Pero, además, los criterios políticos de
reparto de cargos se han extendido sin rubor alguno a todo tipo de
órganos constitucionales, estatuarios o asimismo a los innumerables
“órganos de control” o autoridades “independientes”, creados por el
Estado o por las comunidades autónomas, durante los últimos treinta
años. Así las cosas, el sistema de frenos como medio de control de poder
está profundamente averiado. Y ese déficit no se resuelve solo con la
reconstrucción o reforma de esa “barrera de pergamino” que es la
Constitución. Quien piense así, yerra de plano. Se necesita un cambio
radical de cultura institucional y un renovado sistema de provisión de
cargos que aleje las prácticas clientelares de los nombramientos
políticos en todo este tipo de instituciones, pero a su vez no caiga en
las redes de un rancio corporativismo o de posiciones tecnocráticas
trasnochadas. Se han de establecer reglas nuevas que diseñen
procedimientos en los que la imparcialidad y la competencia profesional
de los designados esté plenamente acreditada.
No se trata, en efecto, de negar lo
evidente. El Estado de partidos es una realidad que nos acompaña desde
hace mucho tiempo. Y no cambiará fácilmente. Manuel García Pelayo en un
libro publicado en 1986 (“El Estado de Partidos“, Alianza
Editorial), intuía ya algunas de las derivas del modelo instaurado en la
Constitución de 1978. Pero su análisis se quedaba corto. Barruntaba el
problema, pero no lo cerraba por completo. Era, quizás, demasiado
pronto.
Hoy en día nadie duda que los partidos
“controlan” aquellas instituciones que deben a su vez ejercer el control
de los poderes públicos estatales o autonómicos, “colocan” en esos
órganos a militantes declarados, antiguos cargos representativos, ex
altos cargos, personas con “sensibilidad” política similar o, incluso,
fieles sin fisuras a quienes pagan servicios prestados. Tales
instituciones están plagadas de personas “afines” a los partidos. Eso
tiene un nombre: la “captura” de las instituciones por los partidos.
Pero también esa práctica significa la ruina del sistema democrático.
Sin instituciones de control el Estado constitucional carece de frenos.
¿Cómo acabar con esta situación? No es
una pregunta de respuesta fácil. Cabe preguntarse, en primer lugar, si
hay voluntad por parte de los partidos, sean estos “tradicionales” o
“nuevos”, para cambiar ese estado de cosas. Y temo ser muy contundente
en la respuesta: hoy por hoy no la hay ni en los “partidos
tradicionales” (quienes han fracasado todos ellos sin excepción, si es
que lo han intentado, en este importante reto) ni tampoco se observa de
forma clara y precisa en las propuestas esbozadas por los “partidos
nuevos”.
Pronto saldremos de dudas. El escenario
de pactos múltiples para formar gobiernos en un futuro inmediato puede
dar lugar a dos opciones.

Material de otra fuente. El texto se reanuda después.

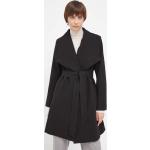 Dámske Designer Jarné kabáty Ralph Lauren čiernej farby z umelého hodvábu v zľave 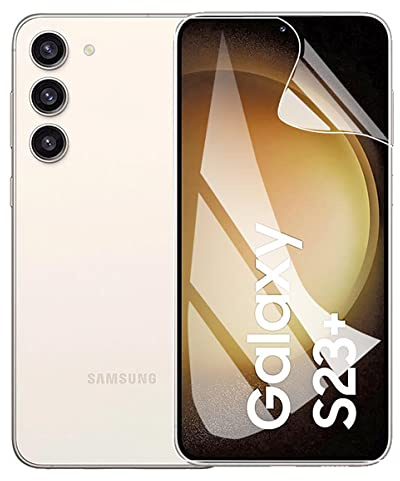 [2Pcs] Film de Protection d'écran Hydrogel pour Samsung Galaxy S23+ / S23 Plus (6.6), [Clear HD] Film Protecteur TPU Souple (Non en Verre)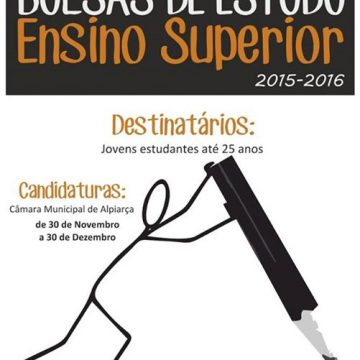 Candidaturas a bolsa de estudo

La primera será que los partidos utilizarán su
poder de influencia para continuar con la política clientelar (cada uno
pedirá “su parte”) en el reparto de cargos (ya hay precedentes de esta
tendencia en algunas comunidades autónomas). La situación de deterioro
institucional puede empeorar en este caso.
Y, la segunda, es que se produzca una
auténtica renovación del sistema de provisión de los niveles directivos
de la Administración y de los cargos institucionales, mediante un Pacto
de Estado entre todas las fuerzas políticas (“tradicionales” y “nuevas”)
que fije reglas precisas y procedimientos adecuados para proveer tales
puestos de responsabilidad entre personas de acreditada solvencia
profesional y honestidad contrastada, con la finalidad de reforzar la
profesionalidad, la moral pública y los sistemas de control del poder
dañados de forma intensa tras décadas de mala “praxis”. Nada que ver con
las tibias y deslavazadas medidas de “regeneración” que se han puesto
en marcha, en estos últimos meses. Pura coreografía.
La única opción válida es la segunda,
pero me temo que, viendo como discurren los acontecimientos y los pobres
discursos de esta política espectáculo o de eslogan que nos invade, una
vez más se impondrá la primera. Si así es, de nuevo perderemos la
oportunidad de aprender de nuestros errores y salir del subdesarrollo
institucional en el que estamos “cómodamente” instalados desde hace
siglos. No cabe poner “el vino nuevo en odres viejos”.